#### [Action item]
Your task is to write out exactly the lines from the line containing "Traueranzeige für Erwin" through the end of the records, inclusive at both ends.

= = = = =

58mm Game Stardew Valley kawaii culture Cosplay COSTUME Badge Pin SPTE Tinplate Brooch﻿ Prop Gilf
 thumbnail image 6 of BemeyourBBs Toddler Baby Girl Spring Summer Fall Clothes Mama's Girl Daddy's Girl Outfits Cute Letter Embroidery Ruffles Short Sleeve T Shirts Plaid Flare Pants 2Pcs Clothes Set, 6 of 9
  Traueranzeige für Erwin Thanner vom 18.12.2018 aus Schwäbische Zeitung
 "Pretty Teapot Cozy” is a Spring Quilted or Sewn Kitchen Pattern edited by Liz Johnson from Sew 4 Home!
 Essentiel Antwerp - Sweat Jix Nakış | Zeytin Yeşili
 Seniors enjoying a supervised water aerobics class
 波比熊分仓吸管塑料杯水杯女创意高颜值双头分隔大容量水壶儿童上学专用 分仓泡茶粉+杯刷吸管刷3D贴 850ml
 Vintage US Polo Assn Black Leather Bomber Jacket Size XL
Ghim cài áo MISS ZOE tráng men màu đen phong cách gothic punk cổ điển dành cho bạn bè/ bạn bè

= = = = =

#### [Expected answer]
  Traueranzeige für Erwin Thanner vom 18.12.2018 aus Schwäbische Zeitung
 "Pretty Teapot Cozy” is a Spring Quilted or Sewn Kitchen Pattern edited by Liz Johnson from Sew 4 Home!
 Essentiel Antwerp - Sweat Jix Nakış | Zeytin Yeşili
 Seniors enjoying a supervised water aerobics class
 波比熊分仓吸管塑料杯水杯女创意高颜值双头分隔大容量水壶儿童上学专用 分仓泡茶粉+杯刷吸管刷3D贴 850ml
 Vintage US Polo Assn Black Leather Bomber Jacket Size XL
Ghim cài áo MISS ZOE tráng men màu đen phong cách gothic punk cổ điển dành cho bạn bè/ bạn bè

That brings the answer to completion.